CourseraA new way of delivery to close the employability skills gap

A new way of delivery to close the employability skills gap

Embedding lifelong skills in course curricula can help prepare graduates for the uncertainty of the future workforce

Round table held in October 2021.

Universities in Germany should embrace technology and data-driven insights while adapting teaching delivery methods to help students prepare for the jobs of the future.

Leaders from Germany’s higher education sector gathered for a Times Higher Education round table, held in partnership with Coursera, to discuss how to bridge the employability skills gap. The round table was held under Chatham House Rule.

The round table heard that higher education institutions would be expected to help bridge the widening skills gap, as well as create a lifelong learning framework to guide alumni through their careers.

One panellist said universities could play a “much bigger role in the context of innovation life cycles”, but would need a “proactive technology watch strategy”.

As economies experience rapid change, panellists said they believed data could deliver valuable insights. With nearly 90 million users, Coursera, for example, uses data to discover which learning patterns its students prefer.

“I think data-led insights, pointing to evidence about where institutions should be focusing their resources, is very much going to be the thing of the future,” one panellist said. “We’re going to see curricula evolving a lot quicker than they have in the past to meet the demands of the future jobs that currently aren’t in existence.”

Rather than attempt to keep up with the ongoing transformation in the labour market, several panellists suggested that universities focus on teaching lifelong skills to students, such as learning how to learn and critical reflection.

“We have to ask ourselves, what is it that students need to learn today to be able to thrive 10 or 15 years from now, when we don’t know what jobs exist?” one panellist said.

There was a suggestion that universities should use external learning resources as much as possible, with lecturers taking on a role more like a mentor or a coach.
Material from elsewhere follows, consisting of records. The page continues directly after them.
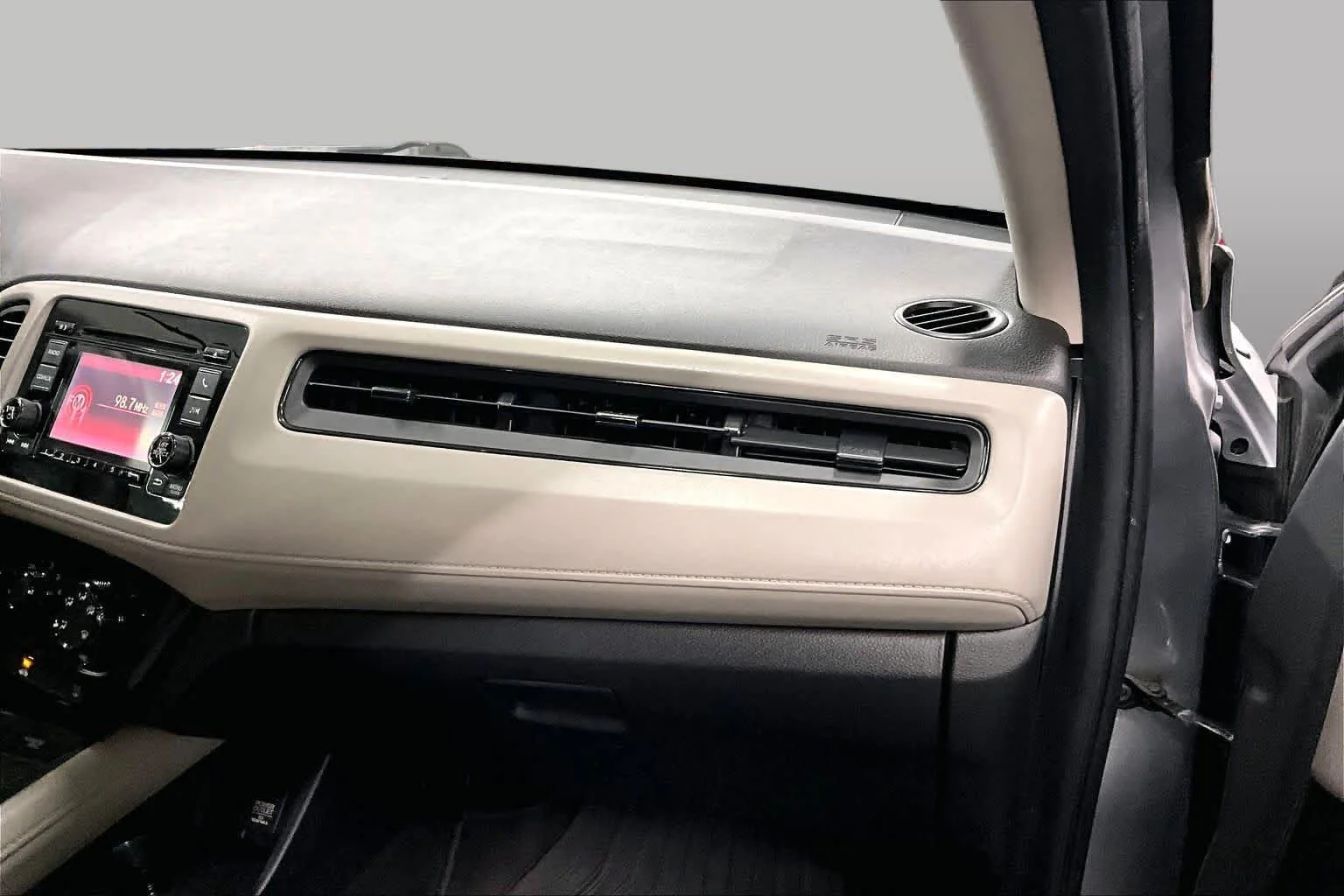 Used 2017 Lunar Silver Metallic Honda LX image 18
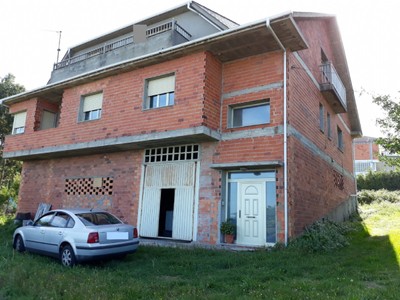Casa en venta en Burela, con 4 dormitorios, 3 baños, plaza de garaje y trastero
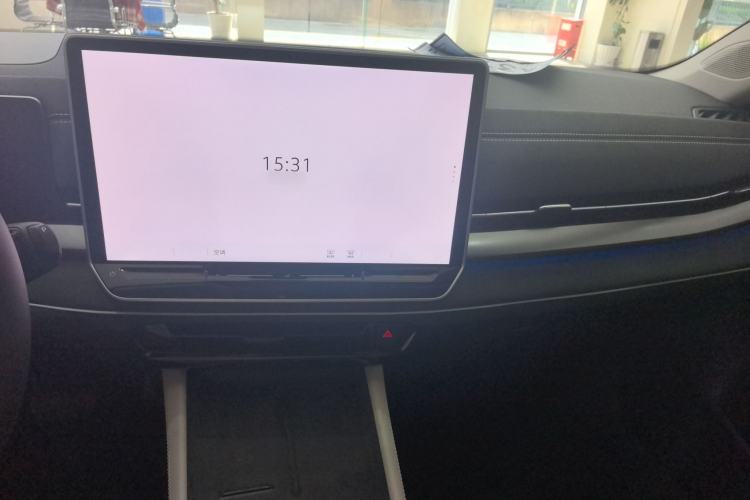 Used Volkswagen Sagitar 2026 Model L 300TSI DSG Luxury Version Audio And AC Panel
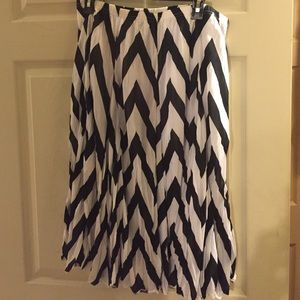 New Directions skirt. Size Large. NWOT never worn.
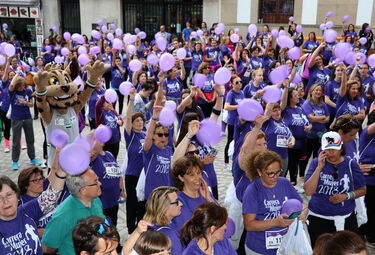La Carrera de la Mujer de Arroyo de la Luz reúne a unas 1.500 participantes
Students could be empowered to think creatively and take control of their own learning. Faculty would also need to be upskilled as learning and teaching models evolve.
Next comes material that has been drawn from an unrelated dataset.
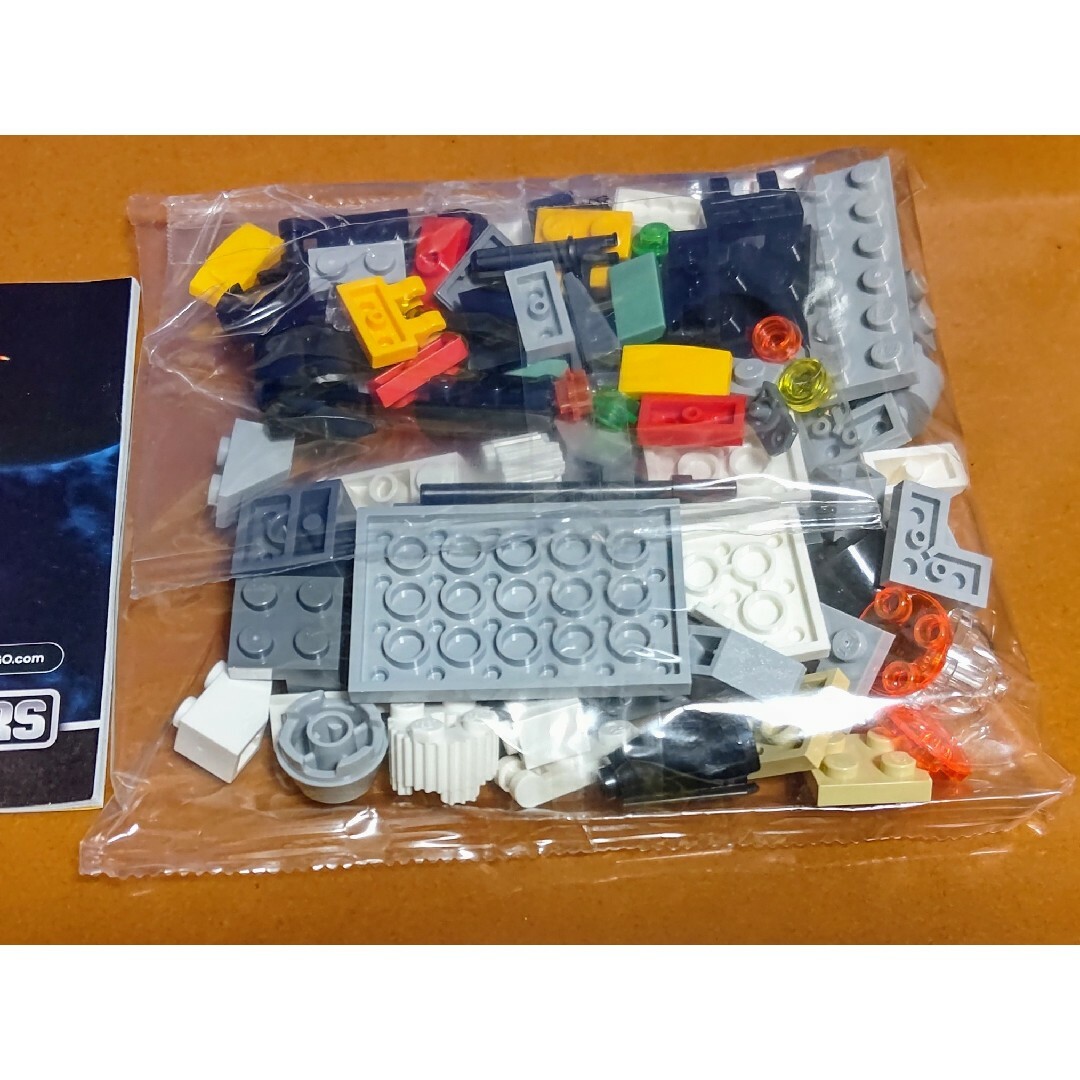 Lego(レゴ)のレゴ★SW ゴースト（本体のみ） マイクロファイター 新品 激レア エンタメ/ホビーのおもちゃ/ぬいぐるみ(模型/プラモデル)の商品写真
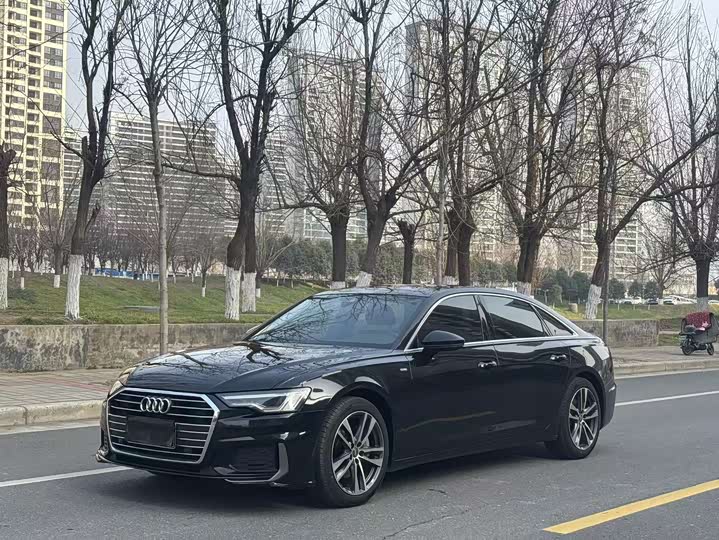 Фото 1 - Audi A6L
One panellist said the “USP in the pedagogy” would be important in determining how many students institutions can attract.

“This means mass customisation for institutions providing the maximum flexibility for a range of potential students and not trying to offer a product that is being fitted to everyone out there,” a panellist said. “At the moment, there is only the single phrase ‘alma mater’, but in the future students will much more have a plural. They will have many places where they learned.”
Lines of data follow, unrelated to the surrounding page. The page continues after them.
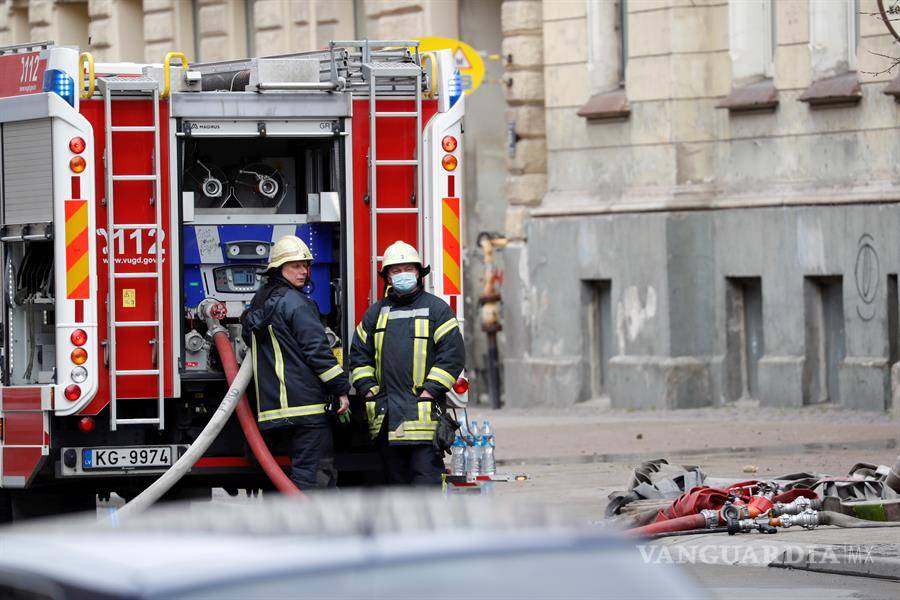 $!Incendio en un hostal en Letonia deja ocho muertos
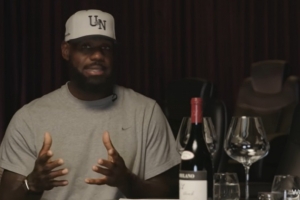 詹姆斯：當今籃球回合節奏與空間運用遠超前代，對球員身體的消耗也更為巨大。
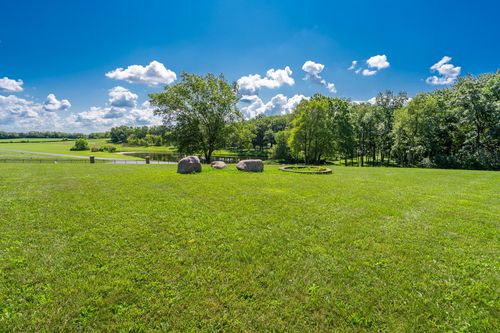 Lt24 Trinity Ln, Lake Geneva, WI, 53147 | Card Image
Panellists said a competency or outcome-based framework should also be considered. But institutions would have to work closely with employers to develop a “common language” that ensured that new forms of assessment were recognised and valued.

“Twenty to 30 years ago, German institutions provided close to 450 study programmes. If you were an employer and somebody said, ‘I’m an engineer’, you had an assumption of what skill set that person sitting in front of you could actually provide to your company,” one panellist said. “Nowadays, we have 17,000 different study programmes in Germany. One of the biggest stakeholders of such a framework is the corporates; they need to be part of that, they need to help develop it further and also have a common understanding.”